Here are 4 historical eras that need video games of their own.
4: The Kurukshetra War
Where: Northern India
When: ~800s B.C.E. but possibly 300 years earlier.
The Kurukshetra War is to India what the Trojan War is to Western Civilization: basically, the foundation from which a vast amount of LITERALLY EVERYTHING ELSE FLOWS. Culturally speaking, I mean. And just like the Trojan War gave us the Trojan War Poetic Cycle, the Kurukshetra War gave us India’s national epic, Mahabharata (itself, like Homer’s poems were for Troy, one of the few sources for the existence of The Kurukshetra War).
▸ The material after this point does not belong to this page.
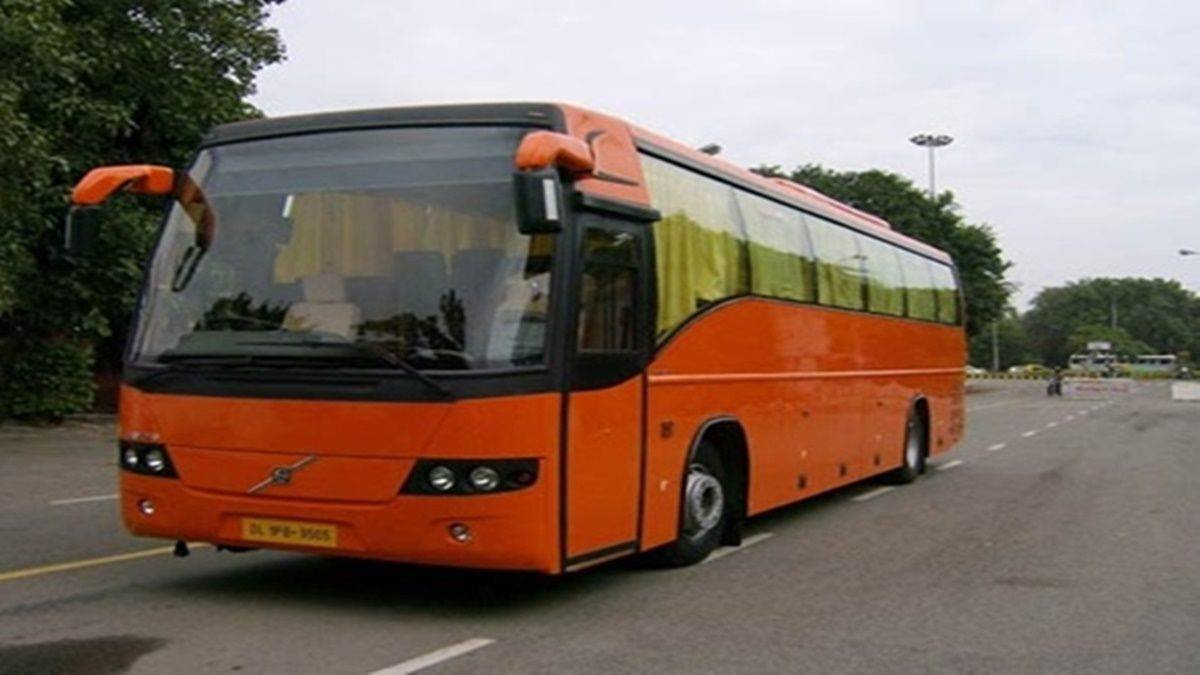 06_08_2026-passenger_fares.jpg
So what happened? A lot, and it’s really convoluted. Basically, two factions of a single family, seriously bitter due to several decades of back and forth backstabbing, finally had it out when the dynastic succession to the Kingdom of Kuru was up for grabs. One faction, led by Prince Arjuna, eventually ends up winning, with Arjuna establishing a long lived dynasty that goes on to conquer (peacefully, supposedly) a huge portion of Northern India. In between, there’s a lot of crazy family gossip (like how Arjuna and his brothers all marry the same woman, willingly!), some tremendous carnage, awesome iron-age bond gadgets, and a cool Star Wars ending in which Arjuna and his brothers decide to end their long, fantastic careers by renouncing the world, and climbing the Himalayas, where they ascend to the heavens as gods.
Why It Needs Video Games:
YEAHYEAHYEAH, an awesome war with a cool star wars ending. But that’s not why you’ve heard of it. You’ve heard of it because Arjuna’s charioteer and personal assistant is Krishna. Yes, that Krishna, one of the big goods of Hinduism and an Avatar of the God Vishnu. Krishna’s time on Earth has him displaying lots and lots of super powers, like being an excellent flutist and being able to make dozens of copies of himself so he can hook it up with some lovely farm girls. But his biggest claim to fame is his role as Arjuna’s valet. In Mahabharata, he’s constantly trying to arrange for a peaceful outcome and meanwhile giving good sense moral advice. Once the war is unavoidable, however, he’s just as decisive for that as well. See, faced with killing members of his family, Arjuna wavers. So Krishna gives him a little pep talk about duty, self sacrifice, just war, and (paraphrasing) keeping the big picture in mind. It lasts for hundreds of pages and ends with Krishna basically revealing the insane scale of the universe to Arjuna.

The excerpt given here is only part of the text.